Just not drinking is good enough.
Today I went swimming with my son, we played football, we ate ice cream. We had a lovely weekend together. And tonight he goes back to his Mums, and I go home, alone. To a different country, a different life and a different world.
It’s hard, it’s great, and it’s possible because I don’t drink, and it’s why I won’t drink tonight.
Today marks around four years since I last had a drink. I’m reluctant to use the word “celebrate” because not drinking should be a normal life choice, a standard way of life, and not something where I continually tick off the days. So I have actually stopped counting the days since I last had a drink because I don’t think it helps.
What does it matter if I get to 5 or if I get to 50 or if I get to 500. Will one number mean “I’m cured” or I have reached a goal and now everything’s all right?
No. It does mark an achievement, a journey that has good days and bad but I doubt day 1,460 will be markedly different from day 1,500. No point in time will mean I’m past the point of having to be aware of my triggers, or a time when I don’t need my coping mechanisms.
It really did help at the beginning but there comes a point when not drinking should be part of normal life and should be unconscious. And most days I’m there. Most days I don’t think about drinking. But some days I do; some dark days are difficult and some days I just want to curl up under the duvet and not have to fight and not have to face the world. On those days I think about drinking but I don’t. But I do compensate in other ways, some good, some bad.
The good ways, well I run and I run and I run and I run. I run a long long way. It really helps me and helps my mind to escape from itself. It’s like meditating while moving.

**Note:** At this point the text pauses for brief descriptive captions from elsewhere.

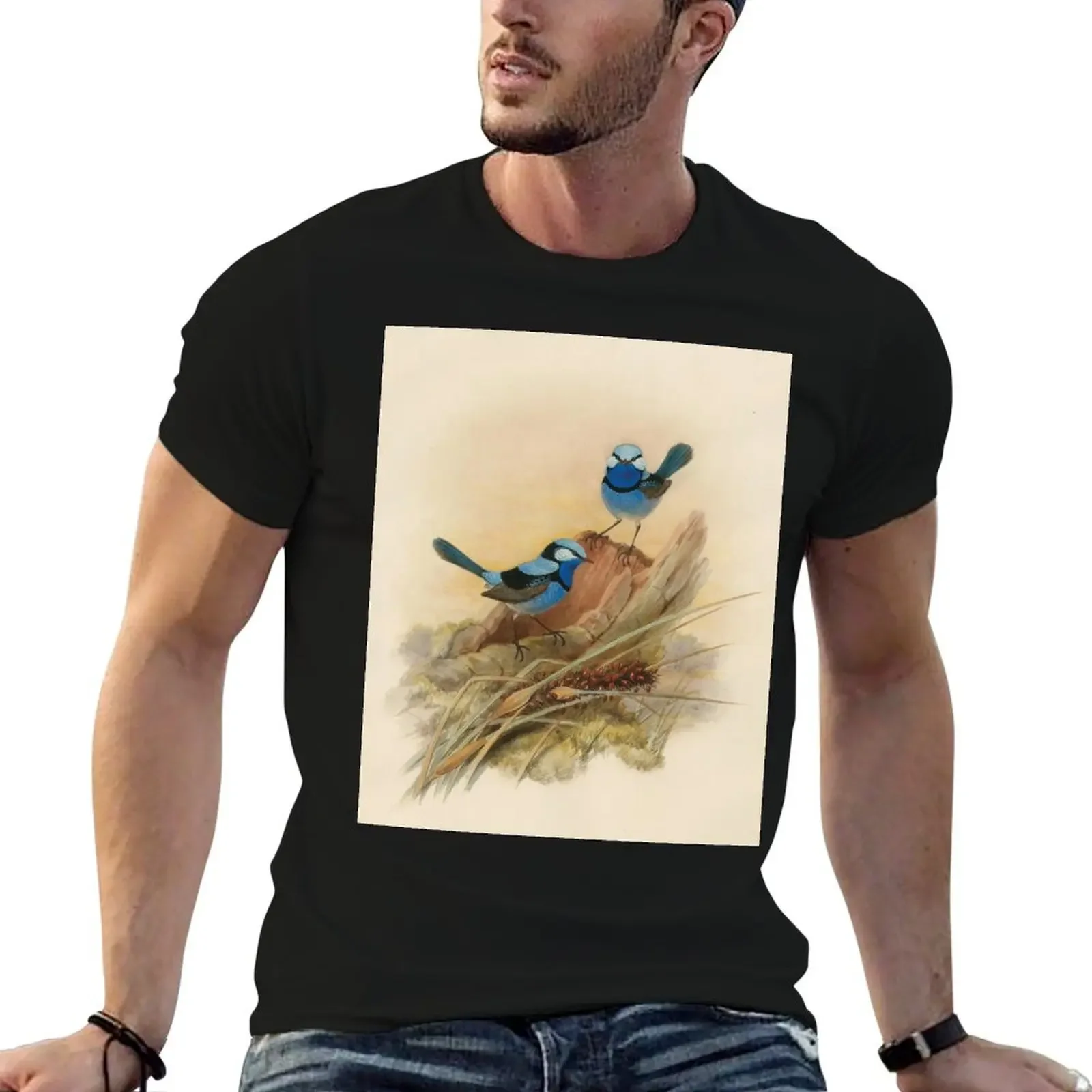 Splendid fairy wren, circa 1867 T-Shirt baggy shirts heavyweights rapper graphic tees mens t shirt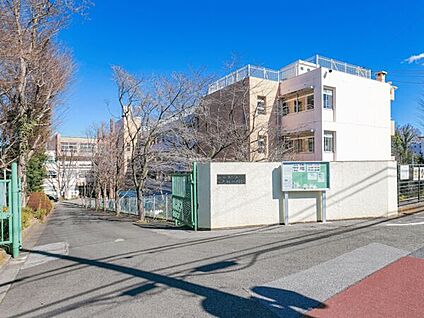 川口市立小谷場中学校 537m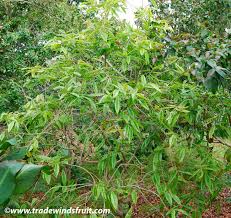 Image result for Syzygium cordatum ×  guineense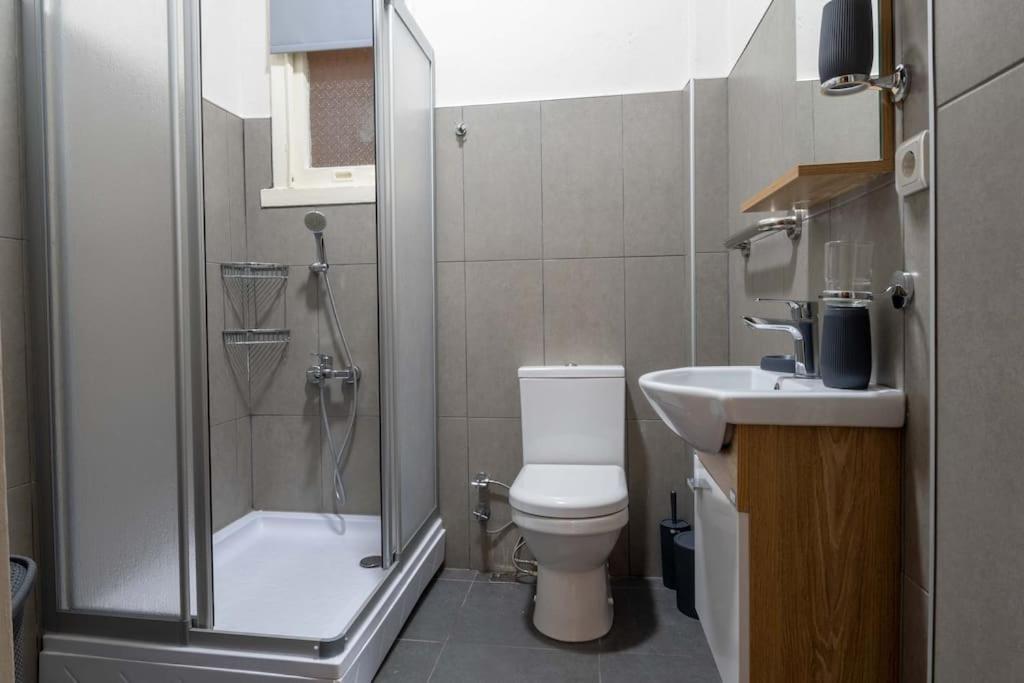 2br Historical & Spacious Apt. In Heart Of Taksim Apartment *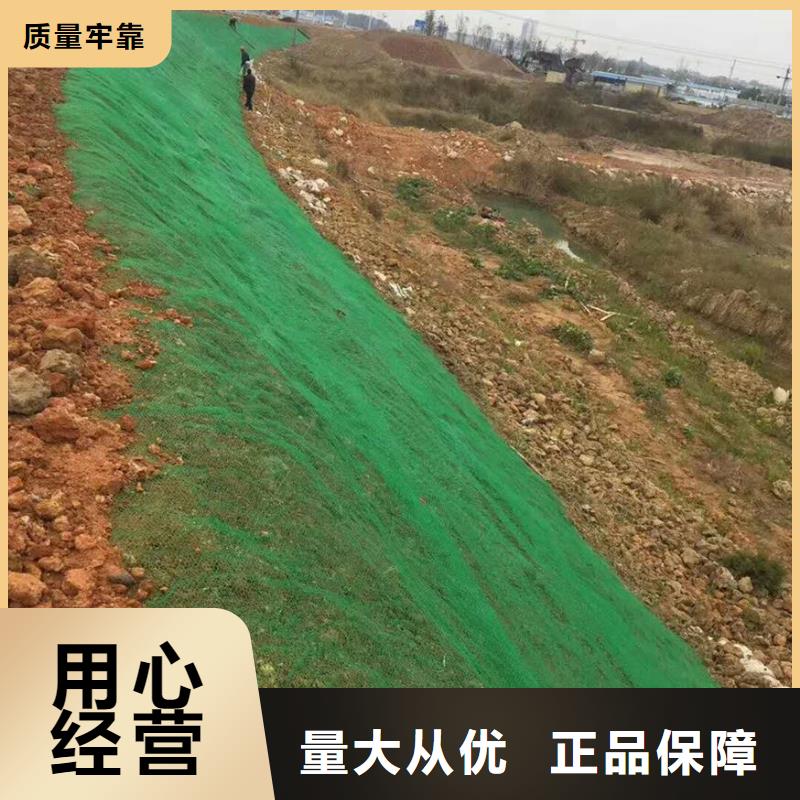 【三维植被网】钢塑土工格栅厂家全新升级品质保障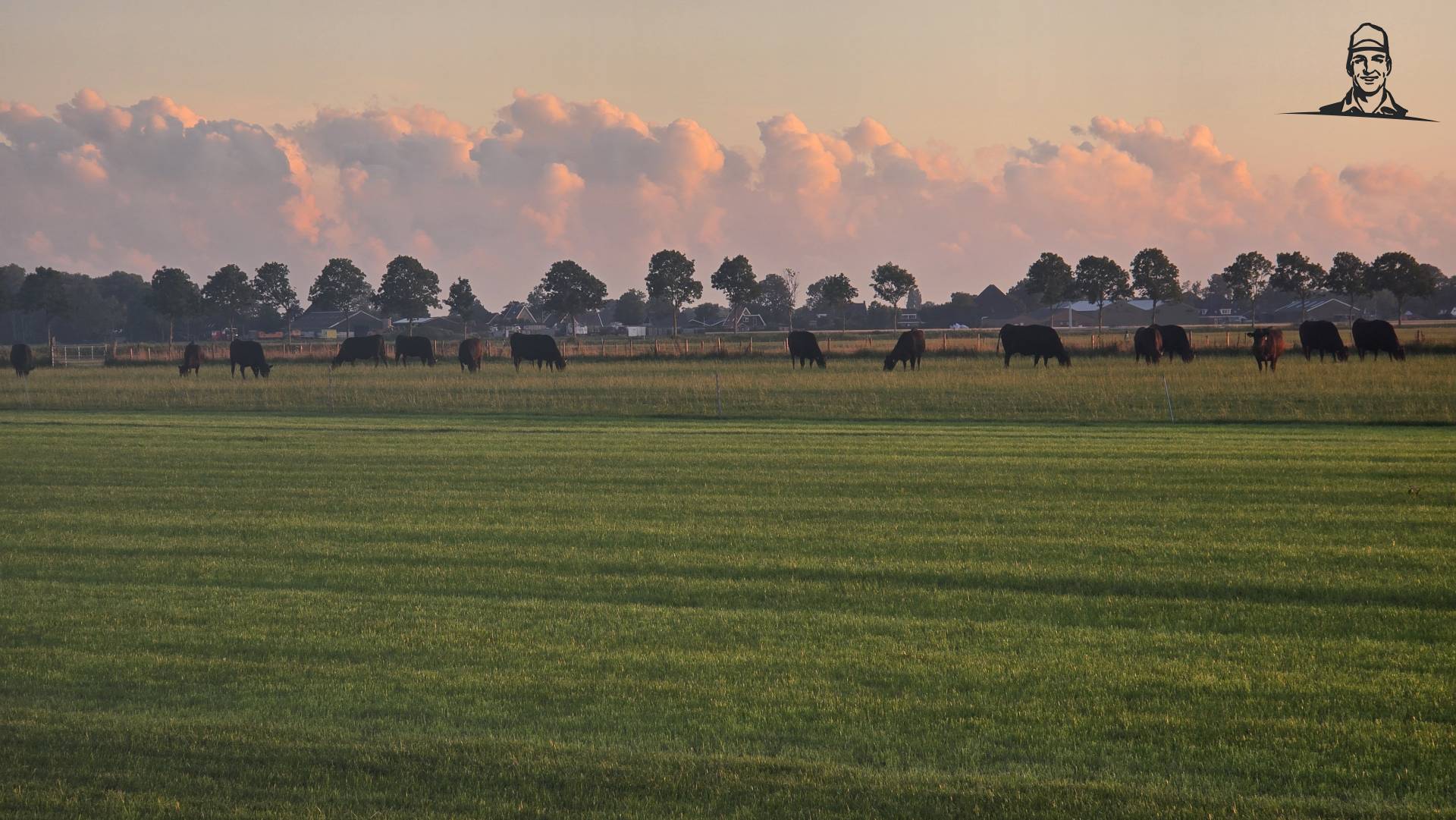 Je ziet een prachtig Hollands landschap bij zonsondergang of zonsopkomst. Op de voorgrond ligt...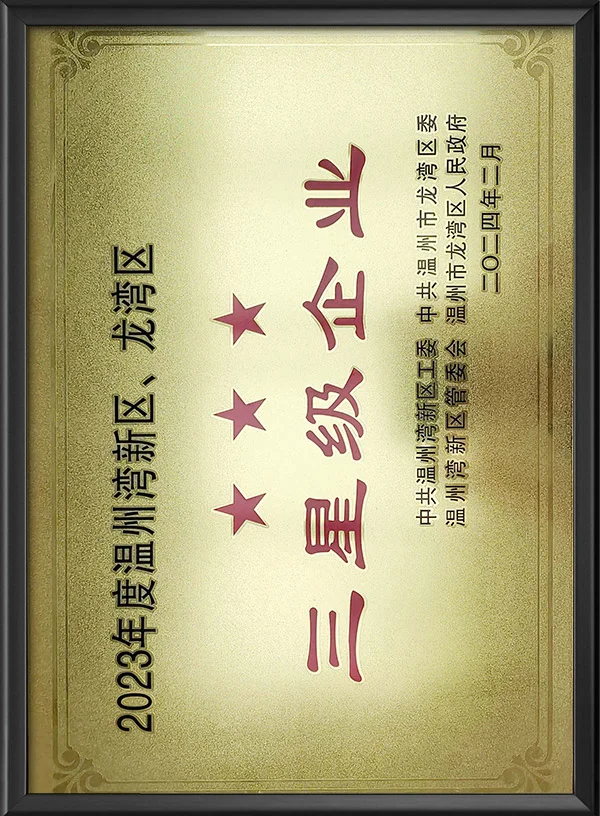 2023年度温州湾新区、龙湾区三星级企业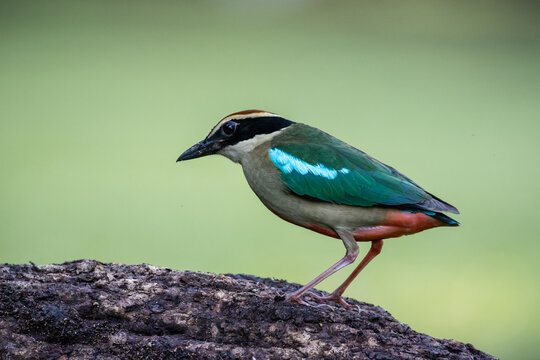 Fairy Pitta Passage Migrant in Spring and/or Autumn in Thailand is likely to become extinct, rare (due to behavior) or very few in suitable habitats.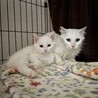 白猫長毛3歳程度の女の子 サムネイル2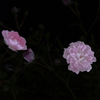 今日の1枚のつもり--昨日の薔薇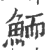 鮞(印刷字体 ·宋 ·广韵 )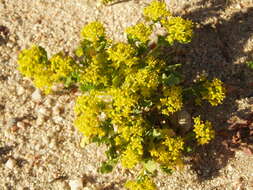 Sivun Lepidium flavum Torr. kuva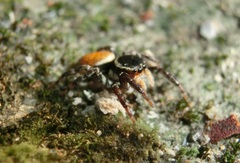 Carrhotus xanthogramma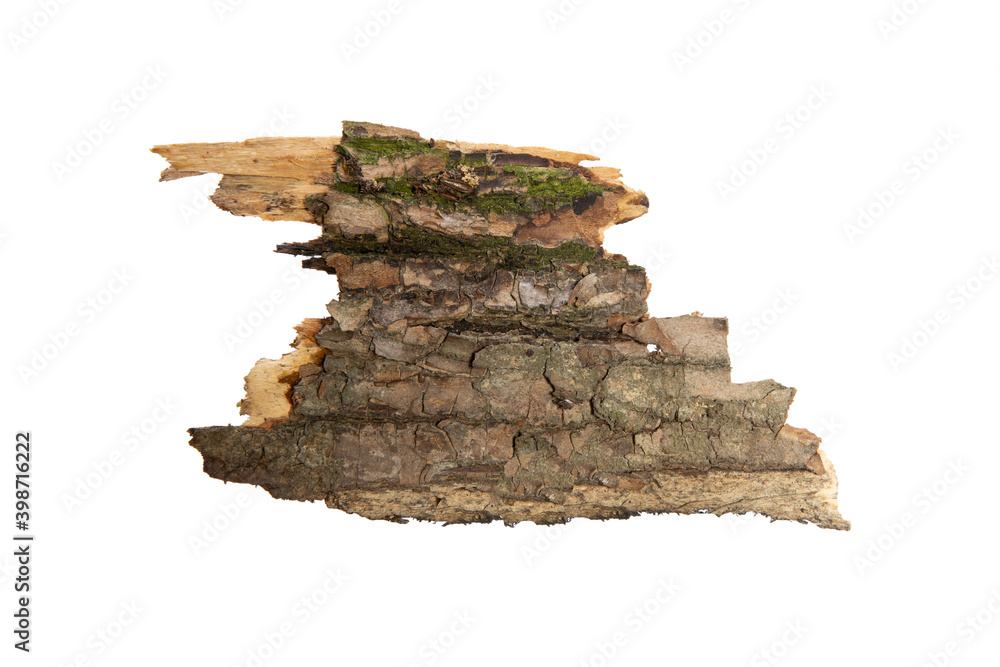 Poster the bark of the tree is isolated on a white background. wooden texture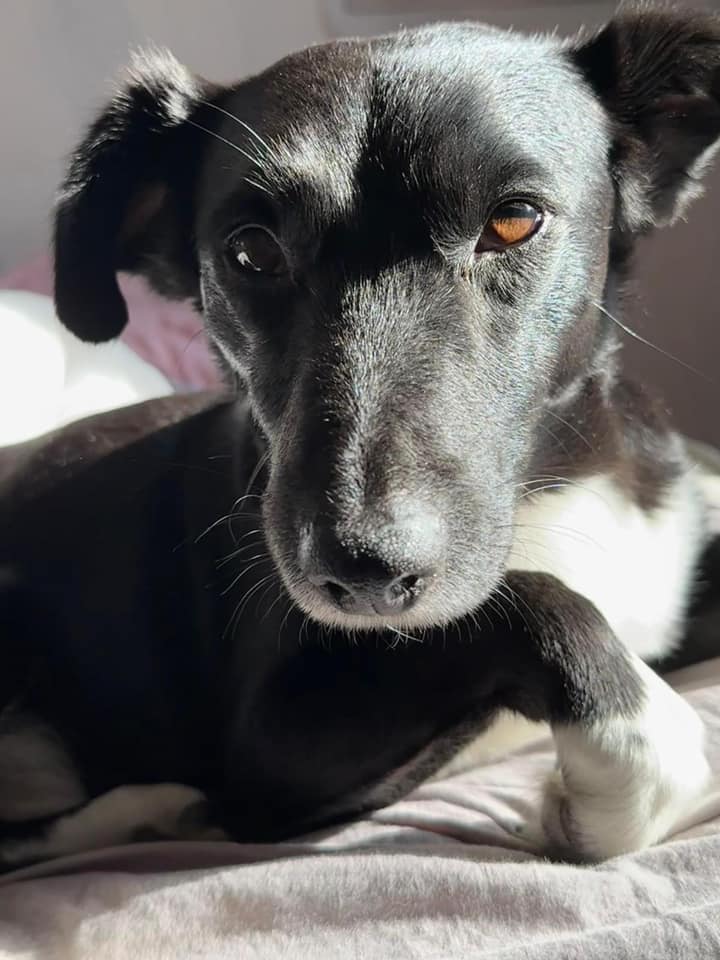Oreo
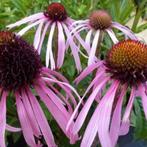 Echinacea pallida, Tuin en Terras, Planten | Tuinplanten, Ophalen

I can’t think about life or what’s going on in the world because I just have to focus on putting one foot forward in front of the other. And if I’m running hard that’s all I can think of and I push my body as hard as I can, and those moments of pain and pleasure take away the cravings to drink. Temporarily.
But that’s not the approach I take every time. I have without doubt even after all this time not drinking replaced one addictive behavior with another albeit less damaging. Sugar.
I eat a lot of chocolate. I eat a lot of ice cream. And I eat a lot of biscuits. But that’s ok and even if I binge out and finish the tub or finish the packet I’ll feel bad but at least I haven’t had a drink. And also in balance with the running I’m not in a bad place physically. My weight is pretty steady at around 67 kg which for my height is fine. But I am at least conscious that when things get tough the sugar comes out.
While I push my body harder than is probably good in the long term, I don’t drink and that is the one thing I should be proud of myself.
So I no longer drink and if you no longer drink and it’s been one day, one week, one month; then brilliant. Count days and focus on just getting to a point where you don’t think about drinking all the time. And when you get to that point then don’t beat yourself up if you have a few extra biscuits or a bar of chocolate or whatever it takes to just not drink. Because all the matters at the end of the day is just not drinking.
Your life will be better for it, your life matters.